Chancellor Phil DiStefano will serve a 10-day suspension and athletic director Rich George and football coach Mike MacIntyre will each have to make $100,000 donations to domestic violence causes.
The college's Board of Regents on Monday also ordered that all three receive letters of reprimand.
A woman who has accused former assistant coach Joe Tumpkin of domestic violence contends the school knew of the abuse and took measures to cover it up.
An independent investigation determined mistakes were made by the university, but there was no intent to cover up or break the law.
The investigative report authored by former U.S. Sen. Ken Salazar noted a failure to report domestic violence allegations, a failure to report the information to law enforcement officials and a failure of supervision of Tumpkin.
"All of us involved have learned that we have additional reporting responsibilities, and we will follow those procedures in the future," MacIntyre said in a statement. "I had never been in a situation where one of my coaches was accused of abusing a spouse or partner."
But MacIntyre noted that the regents and University of Colorado President Bruce Benson recognized that he never acted in bad faith.

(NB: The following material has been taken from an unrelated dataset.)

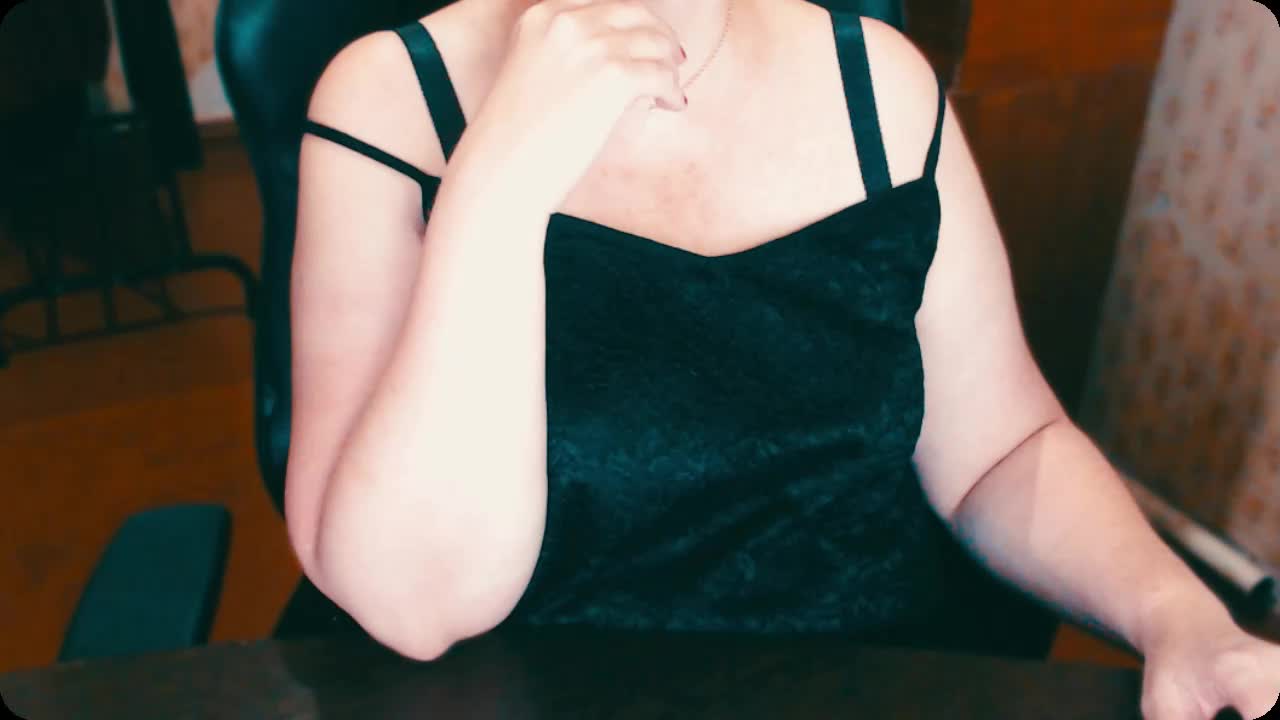 Alisa1917 Adult Chat August 14, 2025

"We didn't handle this matter as well as we should have," Benson said. "CU does not and will not tolerate domestic violence or any sort of sexual misconduct."
Benson acknowledged that not everyone will be happy about the discipline delivered, with some saying it goes too far and others saying it's not enough.
The attorney for the victim who accused Tumpkin of abusing her for two years said his client was "betrayed and devastated" by the punishments handed down against the three.
"Punishments are more severe for recruiting violations," New York-based attorney Peter Ginsberg said Monday.
Tumpkin was charged in January with five felony counts of second-degree assault and three misdemeanor counts of third-degree assault. His next court date is June 22. He has not been asked to enter a plea yet.
Tumpkin resigned from Colorado on Jan. 27.